Namun, fenomena ini sering bergeser dari rasa cinta menjadi kepercayaan ghaib pada benda, mendekati tathayyur (percaya pada pertanda) yang dilarang Nabi ﷺ.

📖 Hadits:

مَنْ تَعَلَّقَ تَمِيمَةً فَقَدْ أَشْرَكَ
“Barangsiapa menggantungkan jimat, maka sungguh ia telah berbuat syirik.”
(HR. Ahmad, no. 17440)

➡️ Analogi: Jika seseorang menggantung foto dengan keyakinan bahwa gambar itu mendatangkan rezeki, maka hal itu sama maknanya dengan menggantung jimat — hanya berbeda bentuk.

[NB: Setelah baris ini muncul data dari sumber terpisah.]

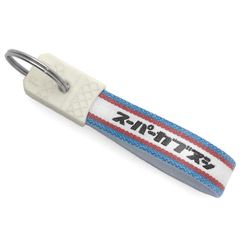昭和レトロ カブヌシシリーズ キーホルダー（昭和レトロKEY HOLDER）(スーパーカブヌシ/BLUE/RED)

7. Dampak Negatif Fenomena Ini

  1. Melemahkan tauhid: Menganggap ada kekuatan selain Allah.
  2. Menumbuhkan khurafat dan bid‘ah dalam masyarakat.
  3. Menurunkan semangat ibadah sejati: karena berharap pada simbol, bukan amal.
  4. Menjadi pintu syirik kecil, dan jika diyakini memberi pengaruh tanpa izin Allah — bisa menjadi syirik besar.
  5. Menodai citra para wali yang sejatinya mengajarkan tauhid murni.

8. Contoh Kasus Nyata

  • Di beberapa daerah, foto wali terkenal (misalnya Wali Songo, Habib, atau kiai kharismatik) dipajang di warung dengan doa: “Biar berkah usahanya, ikut karomah beliau.”
  • Di kendaraan, foto ulama ditempel bersama ayat kursi sebagai “penolak bala”.
  • Di rumah, gambar kiai digantung di ruang tamu agar “penghuninya adem dan murah rezeki”.

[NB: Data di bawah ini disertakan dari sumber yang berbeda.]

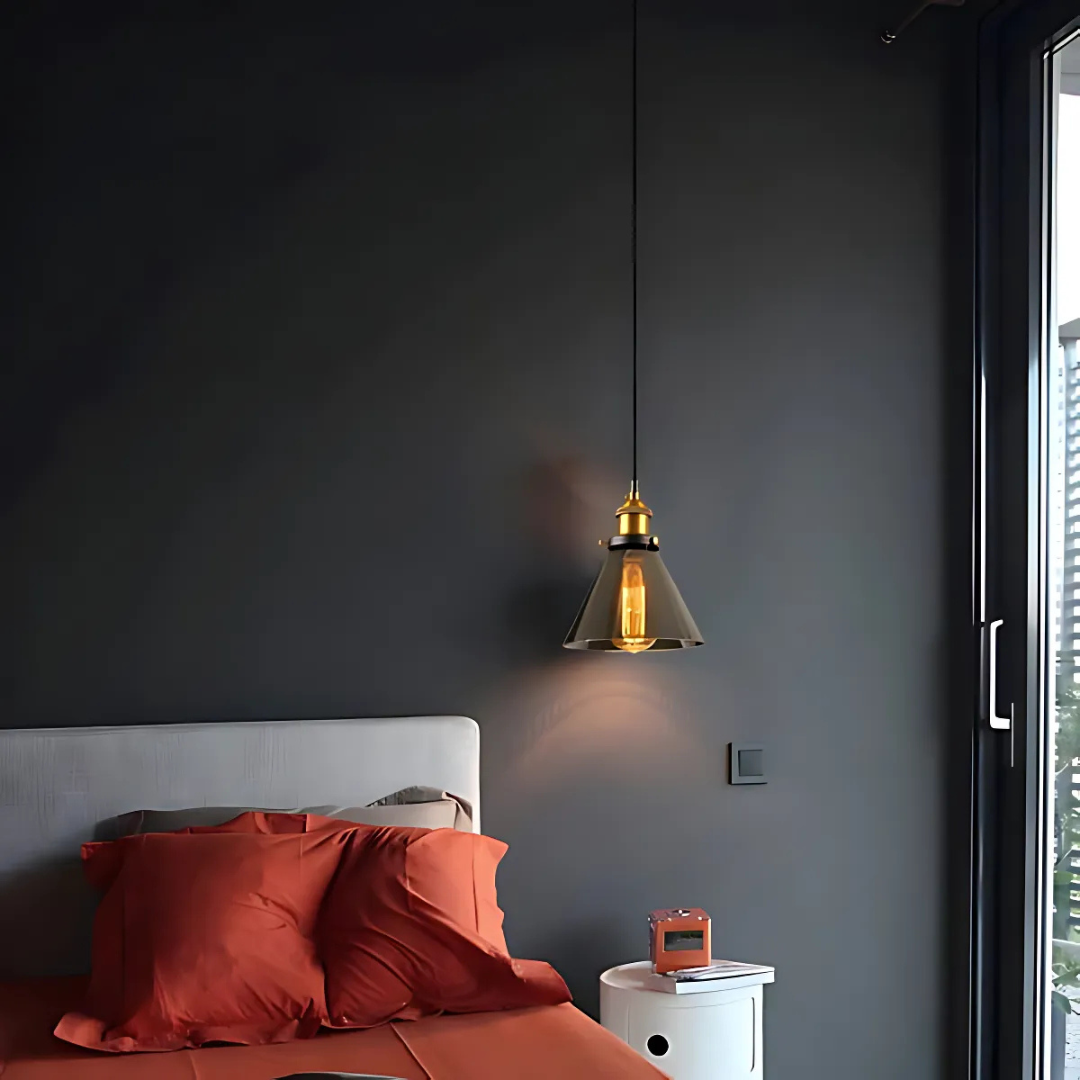 Aurelia Vintage Glass Pendant Light for Dining Table | Derinex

➡️ Padahal, keberkahan rumah bukan dari gambar, tetapi dari shalat, dzikir, dan bacaan Al-Qur’an di dalamnya.


9. Solusi dan Sikap Bijak

  1. Luruskan niat: Cinta kepada wali cukup diwujudkan dengan meneladani amal dan akhlaknya, bukan melalui benda.
  2. Isi rumah dengan dzikir dan Qur’an, bukan foto yang diyakini membawa berkah.
  3. Tingkatkan ilmu tauhid, agar umat tidak mudah terjebak dalam keyakinan ghaib yang salah.
  4. Jika ingin tabarruk, lakukan dengan cara syar‘i:
    • Doa kepada Allah,
    • Silaturahim dengan orang saleh,
    • Shalat berjamaah dan amal kebajikan.

📖 Dalil:

وَمَا بِكُم مِّن نِّعْمَةٍ فَمِنَ اللَّهِ
“Dan apa saja nikmat yang ada pada kamu, maka dari Allah-lah (datangnya).”
(QS. an-Naḥl [16]: 53)


10. Kesimpulan

Memajang foto para auliya’ dengan keyakinan membawa rezeki atau karomah tidak memiliki dasar syar‘i, bahkan berpotensi menjerumuskan kepada syirik kecil bila diyakini memberi pengaruh gaib.
Islam mengajarkan untuk menghormati wali dengan meneladani iman dan amalnya, bukan mengultuskan gambarnya.

🔹 Keberkahan datang dari Allah, bukan dari gambar, benda, atau makhluk.
🔹 Tauhid adalah fondasi yang harus dijaga agar tidak terkontaminasi oleh khurafat dan bid‘ah.


Kutipan Penutup

قال رسول الله ﷺ:
احْفَظِ اللَّهَ يَحْفَظْكَ
“Jagalah Allah (yakni perintah dan larangan-Nya), niscaya Allah akan menjagamu.”
(HR. Tirmidzi, no. 2516)

➡️ Makna: Perlindungan, karomah, dan rezeki sejati hanya datang dari Allah, bukan dari simbol atau foto siapa pun.